Here the collections seem to be limited, many of them almost capsule. The focus is casual sports and ath-leisure. Looks are commercial and predictable. Still, within collections there are some clear trend lines that emerge, some carrying forward of ideas that were established earlier in Paris, London and Milan. And within collections you will find strong items that can add to the foundation of any man’s wardrobe.
After viewing the Artistix men’s spring RTW for 2017, we’re pretty sure we stepped out of an ’80’s time machine. Andy Hilfiger, brother to Tommy Hilfiger and with a recognized talent for fashion branding has collaborated with artist Greg Polisseni on this small collection of artist-inspired wear. Boy George overalls were like a bad flashback. A black and white paint splatter motif prevailed as the main theme leaving very little other creativity. While the tailoring was nice, the separates were functional, and the mix and match factor was high, it begs the question, where does Hilfiger go from here?
The David Hart spring RTW 2017 collection for men approached us like an old, familiar friend that gave us a comfortable, carefree, and joyful feeling. Hart’s trademark designs borrow the best from the past – not entirely a copy of the retro fashion – but he has an ability to evoke the feeling of the era alongside the looks. This season his focus was a 1960’s southern California surfer ease and happiness. Using bowling shirts, palm leaf motifs, and brightly colored pedal-pusher pants, you get a sense of an Americana soda shop kind of innocence. What’s especially exciting for Hart is his partnership with Parke & Ronen on a capsule collection of blazers. Hart will also include a capsule collection as part of the Hart Schaffner Marx brand. This will inevitably help further Hart’s brand awareness and increase his bottom line.
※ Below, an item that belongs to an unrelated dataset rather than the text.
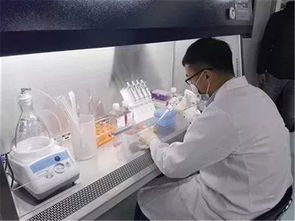 博隆基因 打造國家級基因工程抗體研究中心，助推生物科技研究邁上新臺階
If you’re looking for a worthwhile visual distraction to endless cellphone hunts for Pokemon-go during these dog days of summer, look no further than the EFM Men’s RTW collection for Spring 2017. EFM stands for Engineered For Motion and that is exactly what these clothes look like they were designed for with their strong tech feel. Brand creator and designer Donrad Duncan has assembled an interesting cadre of looks blending gender-neutral warm weather standards with layered contrasts of blacks, whites, patterns and pastels that beg for Spring to come back before Fall. The collection combines tasteful and form-fitting style with comfortable everyday wearability. Duncan did a nice job finishing hemlines with draw string pant legs or cuffs.
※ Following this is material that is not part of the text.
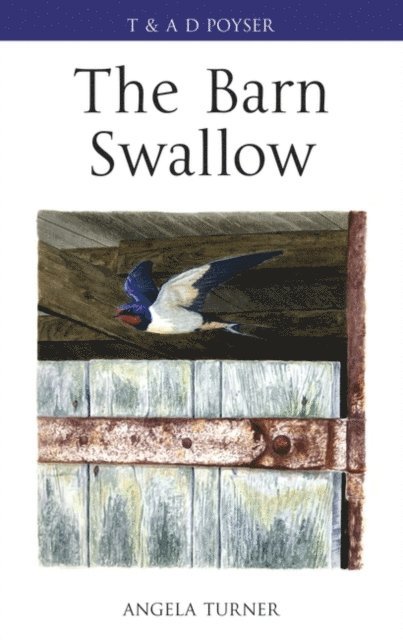 Angela Turner - Barn Swallow, E-bok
John Elliott is best known for his “gray scale spectrum” color detail but, in his spring RTW 2017 presentation for men he added a vibrant, new life with pops of color. Modern day separates of walking shorts, hoodies, parkas, and tees dominated the collection in which Elliott contrasted the muted color pallette with spearmint green, electric blue, and rose. Soft, flowing fabrics of silk and linen added a sex appeal with their movement down the runway. Knit tops and shorts delivered a cool, easy vibe. A couple of “tough guy” moto jackets made their way into the collection showing the versatility of his vision.
Well, if you’re a citizen of the world, a global entry kinda guy, and you like your Turkish tea at high noon, the Joseph Abboud men’s RTW spring 2017 collection will speak to you. Three-piece linen suits with generous proportions and chest-revealing shirts, it’s a type of fashion for the man of leisure who hasn’t adopted the dress-down, modern day approach. Unexpected detailing and styling give this collection a bit more of a European flair. Deconstructed jackets continue the theme we’ve seen in earlier men’s wear collections. Abboud used a delicious color palette of ivory, tans, and soft browns to heighten the sophistication and remind you not to spill red wine on your front. How gauche.
With an emphasis on fabrics, the Linder spring RTW 2017 offerings for men were different, but “different” isn’t always better. Linder designers Kirk Millar and Sam Linder took chances and pushed the boundaries of constructions. Asymmetrical shirts, wide legged pants, and belted tunics were gender-bending separates for a his and her’s kinda’ sharing. Heavy denim, soft silk, and knits all were paired together to create casual looks that were visually interesting and a departure from the standard options this season. While Millar and Linder tried to be innovative, the collection as a whole is not very commercial.